The Friday night before Mother’s Day, Nita Mosby Tyler had an idea. “Let’s bail someone out of jail.”
So she grabbed $1,000 and called her friend and fellow Five Points neighborhood leader, Brother Jeff Fard. Together the two of them with her husband, Shorter Community A.M.E. Pastor Timothy Tyler, headed to Denver’s downtown detention facility on Colfax. That night they bailed three women out of jail.
While they never met the recipients of their kind acts, they still were imbued with a sense of satisfaction and a hunger to do more. They put out a call for donations on Facebook, and by 2 p.m. Saturday, they’d raised another $6,000. The three continue to bond low-level offenders hoping to grant families time together for the holiday.
Brother Jeff Fard runs a community center on Welton Street that he says preserves the heart of what his black community in Five Points “used to be.”
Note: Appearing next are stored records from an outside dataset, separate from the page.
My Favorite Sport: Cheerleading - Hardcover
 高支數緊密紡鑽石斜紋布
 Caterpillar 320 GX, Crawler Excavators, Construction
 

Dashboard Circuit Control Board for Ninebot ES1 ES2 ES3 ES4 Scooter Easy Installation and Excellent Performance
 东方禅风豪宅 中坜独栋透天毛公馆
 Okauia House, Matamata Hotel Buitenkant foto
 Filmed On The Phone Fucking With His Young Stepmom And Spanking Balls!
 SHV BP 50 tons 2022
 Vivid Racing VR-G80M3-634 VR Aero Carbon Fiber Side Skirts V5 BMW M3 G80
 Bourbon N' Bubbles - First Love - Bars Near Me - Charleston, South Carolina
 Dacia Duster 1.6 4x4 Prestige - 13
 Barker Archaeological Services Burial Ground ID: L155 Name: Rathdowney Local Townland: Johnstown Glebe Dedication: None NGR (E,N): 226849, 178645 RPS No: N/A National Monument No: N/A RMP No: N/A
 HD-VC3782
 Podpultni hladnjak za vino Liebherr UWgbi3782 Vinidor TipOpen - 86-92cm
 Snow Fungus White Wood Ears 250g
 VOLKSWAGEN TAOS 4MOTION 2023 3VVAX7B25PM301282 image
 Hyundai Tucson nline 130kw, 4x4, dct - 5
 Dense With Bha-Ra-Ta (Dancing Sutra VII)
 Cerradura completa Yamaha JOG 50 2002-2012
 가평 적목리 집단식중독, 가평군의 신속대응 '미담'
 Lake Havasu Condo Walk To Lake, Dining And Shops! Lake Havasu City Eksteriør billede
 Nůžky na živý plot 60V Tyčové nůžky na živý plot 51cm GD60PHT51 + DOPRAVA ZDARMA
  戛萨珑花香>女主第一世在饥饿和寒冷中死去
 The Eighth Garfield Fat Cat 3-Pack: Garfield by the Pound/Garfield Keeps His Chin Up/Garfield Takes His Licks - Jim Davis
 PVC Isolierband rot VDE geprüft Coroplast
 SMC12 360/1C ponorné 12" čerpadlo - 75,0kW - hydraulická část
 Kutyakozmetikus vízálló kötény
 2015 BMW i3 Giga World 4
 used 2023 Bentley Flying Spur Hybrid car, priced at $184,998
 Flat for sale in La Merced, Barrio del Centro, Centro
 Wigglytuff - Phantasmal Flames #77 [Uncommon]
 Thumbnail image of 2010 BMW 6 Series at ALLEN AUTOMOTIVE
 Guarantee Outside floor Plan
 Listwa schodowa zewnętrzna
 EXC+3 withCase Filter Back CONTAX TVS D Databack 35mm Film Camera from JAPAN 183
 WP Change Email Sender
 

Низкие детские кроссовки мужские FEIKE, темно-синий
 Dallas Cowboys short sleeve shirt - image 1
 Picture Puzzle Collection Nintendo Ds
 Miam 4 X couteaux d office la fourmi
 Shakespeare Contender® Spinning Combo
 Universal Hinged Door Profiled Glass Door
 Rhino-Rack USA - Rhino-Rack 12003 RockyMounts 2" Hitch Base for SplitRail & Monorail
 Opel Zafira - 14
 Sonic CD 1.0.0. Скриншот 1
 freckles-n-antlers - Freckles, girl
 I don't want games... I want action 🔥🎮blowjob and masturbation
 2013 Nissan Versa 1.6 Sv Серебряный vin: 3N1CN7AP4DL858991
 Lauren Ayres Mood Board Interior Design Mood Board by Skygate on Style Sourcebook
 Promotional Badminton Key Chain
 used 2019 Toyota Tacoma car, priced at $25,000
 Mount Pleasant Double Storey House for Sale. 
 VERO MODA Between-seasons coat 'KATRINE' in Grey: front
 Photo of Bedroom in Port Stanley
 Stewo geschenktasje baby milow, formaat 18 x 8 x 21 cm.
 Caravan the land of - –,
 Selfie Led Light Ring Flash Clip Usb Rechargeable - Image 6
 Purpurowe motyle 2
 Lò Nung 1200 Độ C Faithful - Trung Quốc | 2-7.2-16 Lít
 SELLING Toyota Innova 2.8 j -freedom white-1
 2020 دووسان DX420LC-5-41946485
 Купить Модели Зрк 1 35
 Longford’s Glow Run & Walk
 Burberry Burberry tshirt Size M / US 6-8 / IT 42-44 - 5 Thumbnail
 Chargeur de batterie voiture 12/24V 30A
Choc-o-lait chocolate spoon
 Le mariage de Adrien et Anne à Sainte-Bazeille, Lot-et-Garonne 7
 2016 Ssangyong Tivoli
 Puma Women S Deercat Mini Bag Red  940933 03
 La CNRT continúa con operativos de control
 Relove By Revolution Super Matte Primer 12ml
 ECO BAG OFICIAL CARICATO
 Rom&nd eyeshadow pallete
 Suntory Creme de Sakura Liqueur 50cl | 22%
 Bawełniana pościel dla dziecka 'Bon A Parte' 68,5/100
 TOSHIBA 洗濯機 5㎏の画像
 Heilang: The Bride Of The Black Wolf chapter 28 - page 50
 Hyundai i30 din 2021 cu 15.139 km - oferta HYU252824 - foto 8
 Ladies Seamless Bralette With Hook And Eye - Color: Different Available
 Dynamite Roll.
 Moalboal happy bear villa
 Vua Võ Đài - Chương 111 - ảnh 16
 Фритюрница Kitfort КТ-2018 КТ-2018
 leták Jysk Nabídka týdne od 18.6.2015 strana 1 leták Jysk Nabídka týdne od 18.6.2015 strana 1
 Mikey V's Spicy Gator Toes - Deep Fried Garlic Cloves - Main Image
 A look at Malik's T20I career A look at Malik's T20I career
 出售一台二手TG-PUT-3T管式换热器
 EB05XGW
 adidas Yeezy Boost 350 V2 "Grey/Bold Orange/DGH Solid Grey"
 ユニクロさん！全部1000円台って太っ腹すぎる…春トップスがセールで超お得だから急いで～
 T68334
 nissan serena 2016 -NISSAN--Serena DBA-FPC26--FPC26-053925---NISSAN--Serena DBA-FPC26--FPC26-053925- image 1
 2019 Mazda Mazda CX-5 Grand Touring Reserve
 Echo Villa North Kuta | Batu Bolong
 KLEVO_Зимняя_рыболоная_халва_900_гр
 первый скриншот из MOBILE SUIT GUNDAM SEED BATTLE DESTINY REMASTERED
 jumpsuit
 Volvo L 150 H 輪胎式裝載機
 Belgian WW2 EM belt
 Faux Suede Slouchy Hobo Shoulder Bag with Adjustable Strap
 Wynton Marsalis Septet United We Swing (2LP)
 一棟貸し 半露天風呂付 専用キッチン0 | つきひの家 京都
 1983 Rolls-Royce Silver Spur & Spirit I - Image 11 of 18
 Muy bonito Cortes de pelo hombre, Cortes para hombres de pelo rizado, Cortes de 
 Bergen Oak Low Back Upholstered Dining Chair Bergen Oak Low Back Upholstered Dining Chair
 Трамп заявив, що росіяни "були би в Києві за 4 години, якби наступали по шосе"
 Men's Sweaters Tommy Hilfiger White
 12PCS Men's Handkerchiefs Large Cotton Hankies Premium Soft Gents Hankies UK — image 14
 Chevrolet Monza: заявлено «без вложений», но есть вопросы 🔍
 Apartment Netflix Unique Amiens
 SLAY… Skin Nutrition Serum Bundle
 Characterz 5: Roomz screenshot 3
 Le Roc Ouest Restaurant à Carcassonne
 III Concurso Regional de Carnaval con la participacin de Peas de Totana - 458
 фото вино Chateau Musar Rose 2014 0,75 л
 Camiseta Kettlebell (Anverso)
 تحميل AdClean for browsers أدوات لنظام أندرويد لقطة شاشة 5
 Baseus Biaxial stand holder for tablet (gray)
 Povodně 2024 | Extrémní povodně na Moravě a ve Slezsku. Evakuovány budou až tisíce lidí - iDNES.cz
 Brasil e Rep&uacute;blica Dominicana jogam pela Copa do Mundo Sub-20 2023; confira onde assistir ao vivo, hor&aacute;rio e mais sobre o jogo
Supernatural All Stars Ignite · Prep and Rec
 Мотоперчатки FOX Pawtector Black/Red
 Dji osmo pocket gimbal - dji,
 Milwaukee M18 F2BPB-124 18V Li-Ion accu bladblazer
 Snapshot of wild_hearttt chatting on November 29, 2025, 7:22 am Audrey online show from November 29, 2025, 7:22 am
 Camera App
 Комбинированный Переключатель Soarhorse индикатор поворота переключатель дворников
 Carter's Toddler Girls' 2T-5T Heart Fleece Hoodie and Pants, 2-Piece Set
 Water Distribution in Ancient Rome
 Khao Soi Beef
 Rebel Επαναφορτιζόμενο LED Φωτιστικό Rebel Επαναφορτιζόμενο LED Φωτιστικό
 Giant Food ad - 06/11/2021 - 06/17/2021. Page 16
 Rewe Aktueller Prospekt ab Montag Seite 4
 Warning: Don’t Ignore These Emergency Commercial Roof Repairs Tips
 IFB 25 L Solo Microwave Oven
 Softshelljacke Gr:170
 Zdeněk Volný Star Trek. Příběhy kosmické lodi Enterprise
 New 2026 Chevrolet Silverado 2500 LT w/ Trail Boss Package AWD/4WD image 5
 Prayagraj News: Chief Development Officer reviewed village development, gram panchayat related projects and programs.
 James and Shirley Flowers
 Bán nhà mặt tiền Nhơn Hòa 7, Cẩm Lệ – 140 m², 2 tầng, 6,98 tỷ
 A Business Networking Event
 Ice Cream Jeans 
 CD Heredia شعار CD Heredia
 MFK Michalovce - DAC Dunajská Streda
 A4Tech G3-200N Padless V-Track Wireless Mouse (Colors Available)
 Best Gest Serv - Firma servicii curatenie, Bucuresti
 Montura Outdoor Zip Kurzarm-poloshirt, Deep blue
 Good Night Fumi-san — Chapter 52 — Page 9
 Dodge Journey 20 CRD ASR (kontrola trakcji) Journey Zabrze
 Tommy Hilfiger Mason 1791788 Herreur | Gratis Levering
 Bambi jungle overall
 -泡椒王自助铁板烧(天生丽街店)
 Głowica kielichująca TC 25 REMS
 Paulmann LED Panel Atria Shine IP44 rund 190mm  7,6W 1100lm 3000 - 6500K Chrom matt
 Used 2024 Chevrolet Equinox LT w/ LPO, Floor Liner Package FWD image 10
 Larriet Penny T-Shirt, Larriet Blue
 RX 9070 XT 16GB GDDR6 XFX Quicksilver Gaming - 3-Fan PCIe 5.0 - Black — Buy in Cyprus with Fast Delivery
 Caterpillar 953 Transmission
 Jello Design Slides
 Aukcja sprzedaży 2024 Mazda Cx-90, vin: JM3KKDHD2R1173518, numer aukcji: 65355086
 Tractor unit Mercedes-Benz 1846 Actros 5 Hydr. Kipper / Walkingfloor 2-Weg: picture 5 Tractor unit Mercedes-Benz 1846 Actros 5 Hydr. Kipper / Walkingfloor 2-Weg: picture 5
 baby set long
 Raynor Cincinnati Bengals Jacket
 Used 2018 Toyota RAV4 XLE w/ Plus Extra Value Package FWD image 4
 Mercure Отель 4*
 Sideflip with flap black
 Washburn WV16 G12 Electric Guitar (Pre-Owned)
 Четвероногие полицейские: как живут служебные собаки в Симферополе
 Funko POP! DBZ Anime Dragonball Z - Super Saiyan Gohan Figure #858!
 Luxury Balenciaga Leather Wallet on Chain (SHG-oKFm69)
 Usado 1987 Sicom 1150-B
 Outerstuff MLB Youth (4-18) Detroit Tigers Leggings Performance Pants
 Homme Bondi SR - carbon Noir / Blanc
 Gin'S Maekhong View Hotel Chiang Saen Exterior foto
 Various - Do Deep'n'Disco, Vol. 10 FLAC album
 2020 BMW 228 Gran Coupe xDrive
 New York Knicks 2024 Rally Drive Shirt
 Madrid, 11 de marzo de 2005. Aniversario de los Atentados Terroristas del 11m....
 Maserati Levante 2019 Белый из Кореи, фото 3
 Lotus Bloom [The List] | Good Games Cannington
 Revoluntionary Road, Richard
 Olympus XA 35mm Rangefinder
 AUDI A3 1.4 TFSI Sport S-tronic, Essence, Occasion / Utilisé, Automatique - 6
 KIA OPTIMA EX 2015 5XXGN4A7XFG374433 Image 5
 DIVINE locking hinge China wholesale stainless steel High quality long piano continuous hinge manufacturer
This year he began offering “Black Dollar Saturdays” in his photo studio, music and event space. The weekly setup of locals offering handmade products and food is one way Fard is working to stimulate what’s left of his neighborhood’s long-time residents, a community build around the A.M.E. congregation that predates Colorado itself.
This Saturday, after a personal finance class offered alongside the vendor tables, Fard announced his call for community help in identifying incarcerated mothers with low-level offenses.
“It’s a blessing,” he told a room about to burst into applause. “Just because you’re incarcerated doesn’t mean you’re not a part of our community.”
This announcement was made long after Fard and the Tylers had raised the $6,000. While people continued to file in with donations, the team was already hard at work on services.
By then their mission had expanded to three goals: bond out mothers for the holiday, make bags of food hearty enough to support a family of four and pay for summer camp for kids whose mothers are incarcerated long-term.
“All of us live in parts of a community where we see children without their mothers all of the time,” Nita Tyler said. “When you think about the women who are incarcerated on something low level and petty, is that really worth what happens to children on Mother’s Day?”
The “trauma” she says kids are subjected to costs far more than a couple hundred dollars.
What makes things more difficult, Fard said, are the processing fees attached to bond payments that make payment more difficult to the city’s poorest inmates.
It’s clear that bailing women out had much deeper implication than a simple holiday. Instead, both Tylers and Fard saw their effort as one battle in a long war against the consequences of racial oppresion. The “vicious cycle of poverty,” Fard said, further isolates people and breaks up families.
“If you think about people who are incarcerated, they’re mainly poor, they’re mainly of color, and they’re mainly those who have not achieved a high school diploma,” he said. “People who can’t afford $100 bonds, that’s a tragedy.”
By the end of Saturday afternoon, the Five Points community had already begun distributing nearly thirty bags filled with chicken, potatoes and green beans. The three community leaders left for the jail downtown equipped with a wad of large bills and text messages full of names. After pulling a couple tickets for a spot in line, they sat down with a clerk who remembered them from the night before and began reading off names.
It seems they were not the only ones who thought of paying bonds this year. Slate reports that a coalition of Black Lives Matter organizations have raised more than $250,000 and bonded at least 30 women.
At of the time of this publishing Fard and the Tylers had bonded 8 women. “We will go to the jail again today,” Fard said this morning, “pay bail, lay roses and say a prayer for those in jail.”